(DIRECTIONS): The reply must contain exactly the lines below from the one with "this 450×320 image." down to the one with "this 1456×819 image.", both included, and nothing more; please omit the pictures.

(PROVIDED ENTRIES):
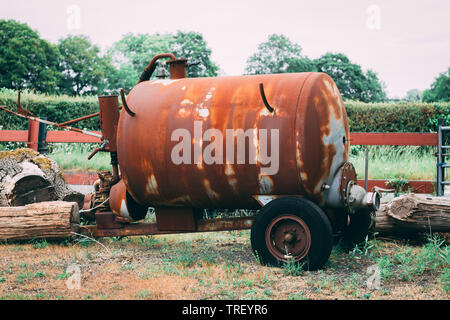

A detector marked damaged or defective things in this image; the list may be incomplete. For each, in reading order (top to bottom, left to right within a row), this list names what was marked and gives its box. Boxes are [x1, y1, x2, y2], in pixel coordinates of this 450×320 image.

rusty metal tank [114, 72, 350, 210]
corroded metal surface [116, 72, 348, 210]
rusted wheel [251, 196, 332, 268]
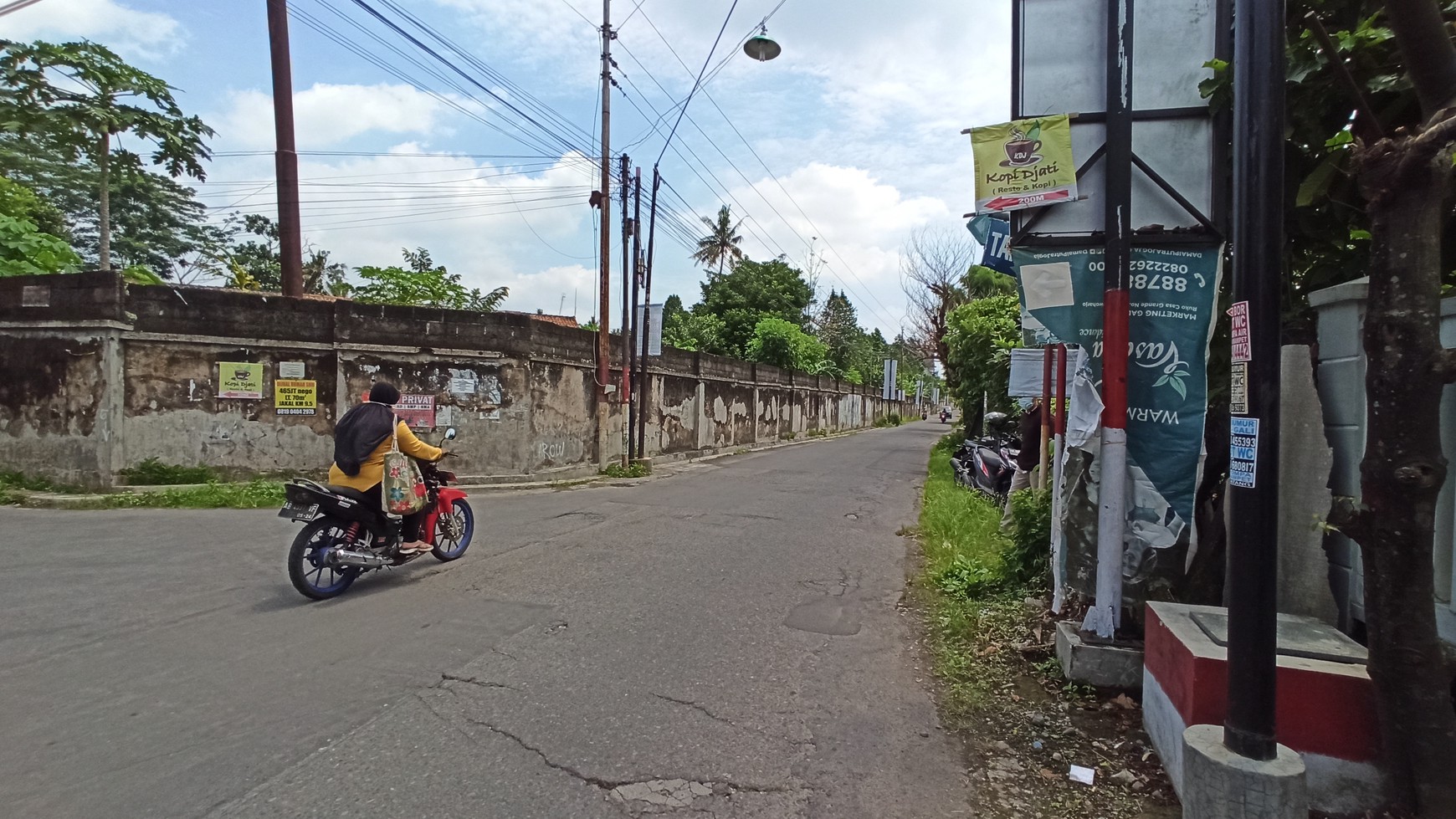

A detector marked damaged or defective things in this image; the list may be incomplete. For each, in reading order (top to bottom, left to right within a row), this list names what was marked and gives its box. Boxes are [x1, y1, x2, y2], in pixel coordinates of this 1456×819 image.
---
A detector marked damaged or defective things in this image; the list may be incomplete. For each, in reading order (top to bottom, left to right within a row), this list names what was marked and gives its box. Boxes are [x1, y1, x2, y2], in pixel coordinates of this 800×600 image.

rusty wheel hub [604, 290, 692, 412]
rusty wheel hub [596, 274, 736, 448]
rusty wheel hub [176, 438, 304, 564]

(TASK OUTPUT):
A detector marked damaged or defective things in this image; the list may be incomplete. For each, in reading order (top to bottom, left to right within a row), this list names what was marked and gives its box. Boxes are [x1, y1, x2, y2], in pixel coordinates of this 450×320 image.

rusty metal tank [114, 72, 350, 210]
corroded metal surface [116, 72, 348, 210]
rusted wheel [251, 196, 332, 268]

A detector marked damaged or defective things in this image; the list may be incomplete. For each, in reading order (top to bottom, left to right within a row), this list names what was marked and gives its box. Boxes are [x1, y1, x2, y2], in pixel coordinates of this 1456×819 image.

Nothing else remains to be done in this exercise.